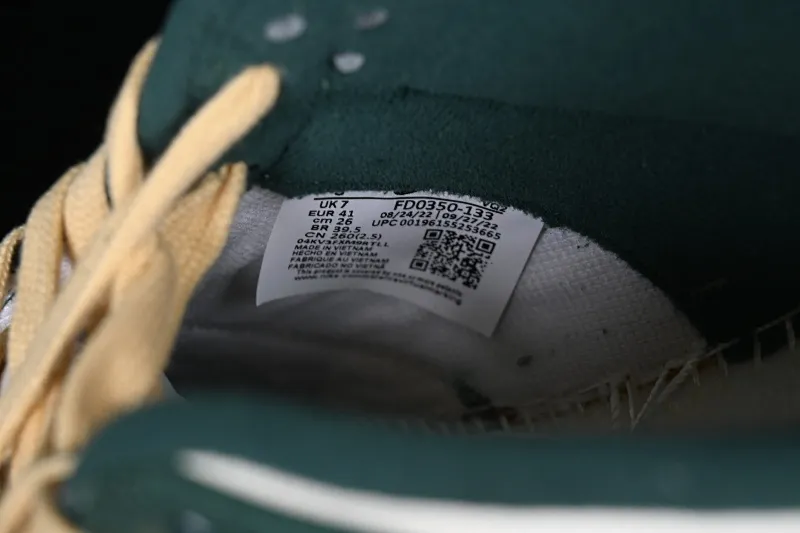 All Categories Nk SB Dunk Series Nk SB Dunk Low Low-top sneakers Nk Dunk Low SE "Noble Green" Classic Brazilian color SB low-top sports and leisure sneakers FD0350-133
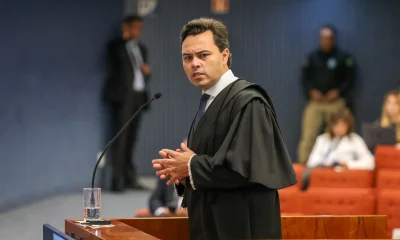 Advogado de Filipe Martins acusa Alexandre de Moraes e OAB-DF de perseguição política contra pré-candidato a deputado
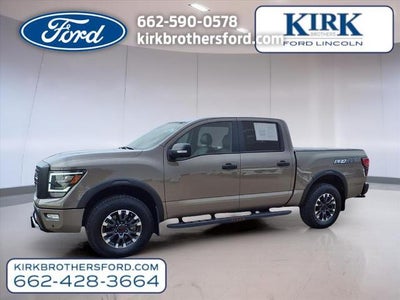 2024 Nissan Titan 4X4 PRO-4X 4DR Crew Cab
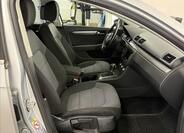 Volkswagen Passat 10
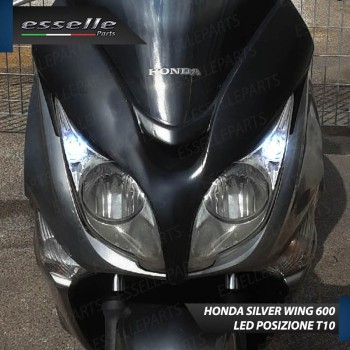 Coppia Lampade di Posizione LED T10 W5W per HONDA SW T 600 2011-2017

• • • •

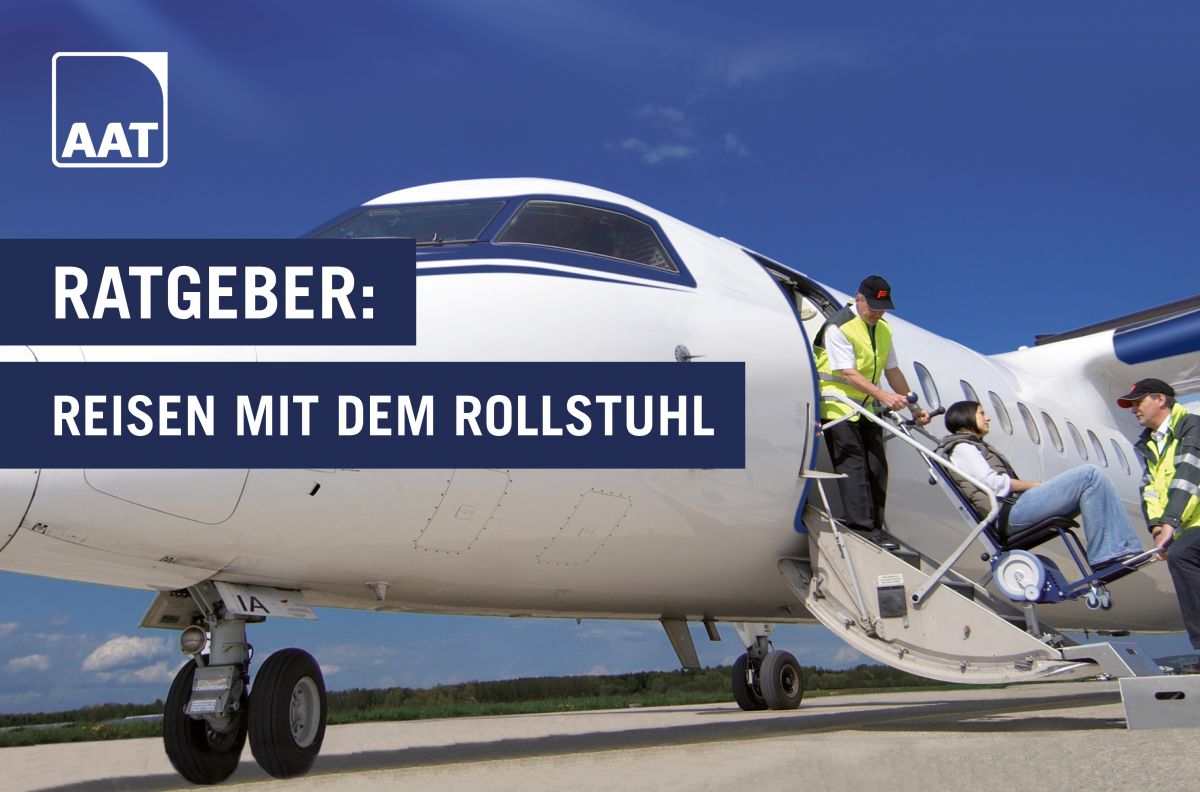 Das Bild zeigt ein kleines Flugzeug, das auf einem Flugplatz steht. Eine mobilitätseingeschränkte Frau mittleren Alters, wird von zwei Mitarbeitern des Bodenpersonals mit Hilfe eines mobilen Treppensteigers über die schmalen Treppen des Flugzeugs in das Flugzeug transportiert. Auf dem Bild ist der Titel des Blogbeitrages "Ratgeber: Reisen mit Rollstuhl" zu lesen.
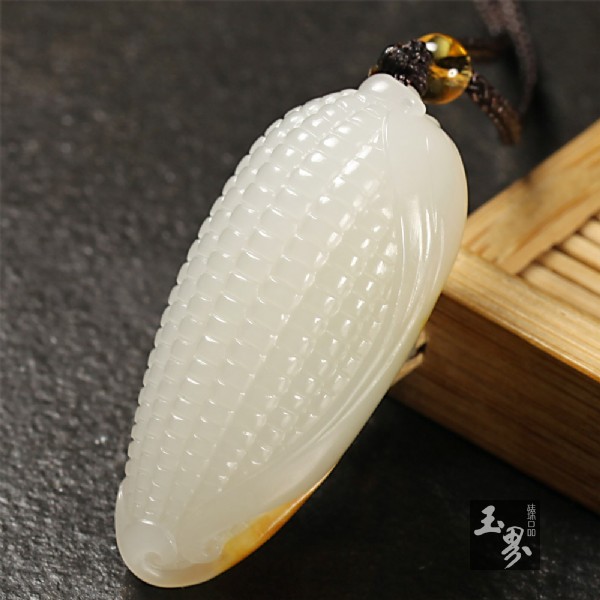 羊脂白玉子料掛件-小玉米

• • • •

## Your goal
What lines above run from the one with "Volkswagen Passat 10" to the one with "Coppia Lampade di"? Give them again exactly, ends included, and leave the pictures out.

## Result of this task
 Volkswagen Passat 10
 Coppia Lampade di Posizione LED T10 W5W per HONDA SW T 600 2011-2017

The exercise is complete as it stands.